Hons123 · 24/10/2025 16:03

I can't believe how many people are advising the OP to 'get her ducks in a row' implying she should leave him. Do you all think that if the OP had the resources to dump this crass person, she would not have? It is clear that the OP is not financially independent. Do you think it is easy to enforce a family court decision? Enforce child support from a tradesperson? Seriously? Where I live tradespeople only deal in cash, and they can show their earnings to be whatever they want - they can show they are barely breaking even, as self-employed, if they want to. Or even show a loss for a period. This is horrible, no denying it, humiliating and dehumanising, but 'get your ducks in a row', etc. etc. and stories how single people with no children bravely dumped their ill-spoken partners and boyfriends? How is it relevant and what is the point of this bragging?

You’re right, I think we’re just all disgusted on her behalf. Op, you have out how you can live this. It does sound like this maybe what you have deal with and I personally have no idea how to fix your situation at all. I do wish you the best .sorry,

Gilgogirl · 26/10/2025 01:33

Figure out are the missing words.

Gilgogirl · 26/10/2025 01:38

I wanted to say I’m sorry to the op. It’s easy being on the other side and sometimes it turns funny but sometimes it’s not and I hope you get to some how figure out how to make your life better. I’m praying for you and you just be strong and show him you don’t care what he says. Get strong for yourself. I’m still trying. I hope nothing but the best for your future and everything gets better.
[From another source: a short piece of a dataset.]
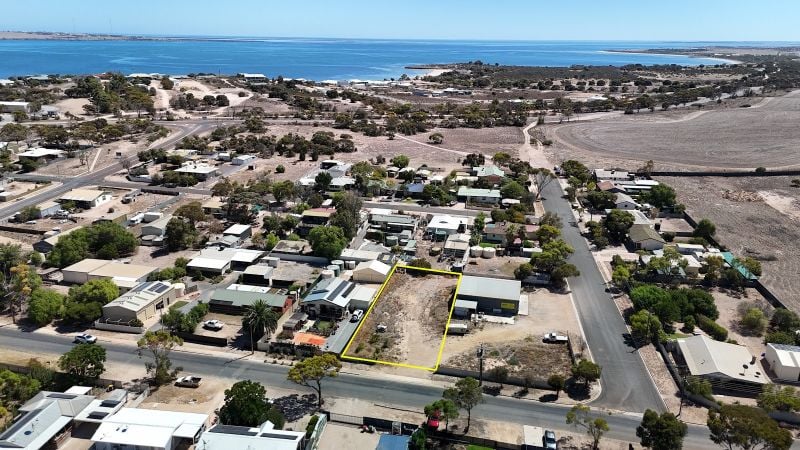 33 Mudge Tce, Streaky Bay, SA 5680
Calendulaaria · 26/10/2025 05:34

Bloody hell, his comment is a bit much. He should start to appreciate what he has and stop saying gross stuff like that to you.

LBFseBrom · 26/10/2025 05:37

'it’s not like I’ve turned around and said I want to bury my tounge in her arse’, is an inappropriate and disgusting comment. However he probably felt you went on at him a bit, just as you were fed up with him going on about the girl.

Tell him you don't appreciate his vulgarity but just cool it now, both of you. It will settle down, at the moment she is a novelty and that never lasts.

notthisagain2025 · 26/10/2025 05:37

You're married to a creepy wanker. Sorry about that.

Theextraordinaryisintheordinary · 26/10/2025 06:00

Hopefully he’s no longer going on about this and it was just on the night you met. There’s nothing like him considering your feelings, and this is nothing like it!

CoffeeCantata · 26/10/2025 06:32

I couldn’t be with someone who said things like that.

It speaks volumes about him as a person.

MrsDoubtfire1 · 26/10/2025 06:52

Are you sure you really want to be with this creature for the future? Can't you do any better. I once worked with a girl who had thee most handsome boyfriend but knuckle dragger was not the word. He caused her a lot of problems.

Namechangerage · 26/10/2025 07:58

Cheysdiary · 24/10/2025 17:52

He didn’t say he wants to do that - re-read my post.

Oh I read it. Do you think that phrase just popped into his head out of nowhere? I imagine he talks like that about other women pretty regularly if that’s the way he talks to you….

Not all men would talk like that. And it’s not ok.